§ **How to complete this task**:
Each word in the data below should be copied exactly; the images should not.

*** Opening Data block ***

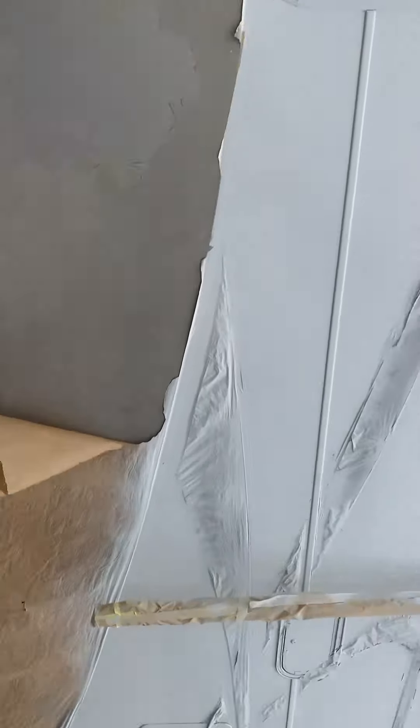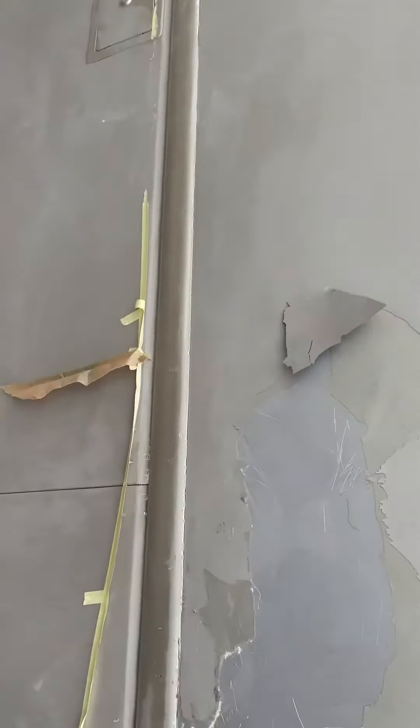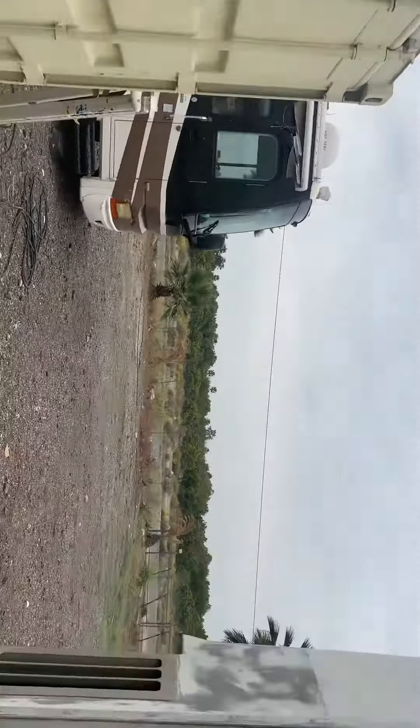We did the white part already — stripped it — now we've got to re-strip all this stuff. All the doors. You can see they even painted over the silicone, so they painted everything. Now we're going to redo it and we'll show you the end result.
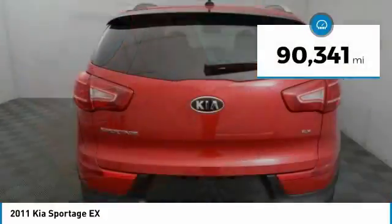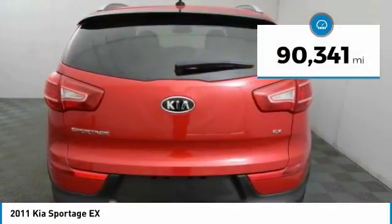This vehicle has less than 95,000 miles. Here are some of this vehicle's great options.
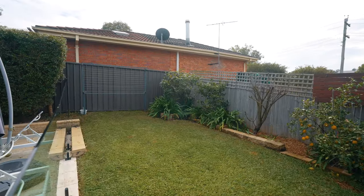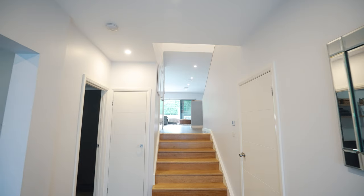Homes of this calibre rarely come up for sale, so don't miss out on the opportunity. I'm Teresa Scalds and I'm Rod Nolan, we're from Ray White, Nolan and Iken, and we look forward to meeting you at the Open House.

*** Closing Data block ***

§ **Solution to this task**:
We did the white part already — stripped it — now we've got to re-strip all this stuff. All the doors. You can see they even painted over the silicone, so they painted everything. Now we're going to redo it and we'll show you the end result.
This vehicle has less than 95,000 miles. Here are some of this vehicle's great options.
Homes of this calibre rarely come up for sale, so don't miss out on the opportunity. I'm Teresa Scalds and I'm Rod Nolan, we're from Ray White, Nolan and Iken, and we look forward to meeting you at the Open House.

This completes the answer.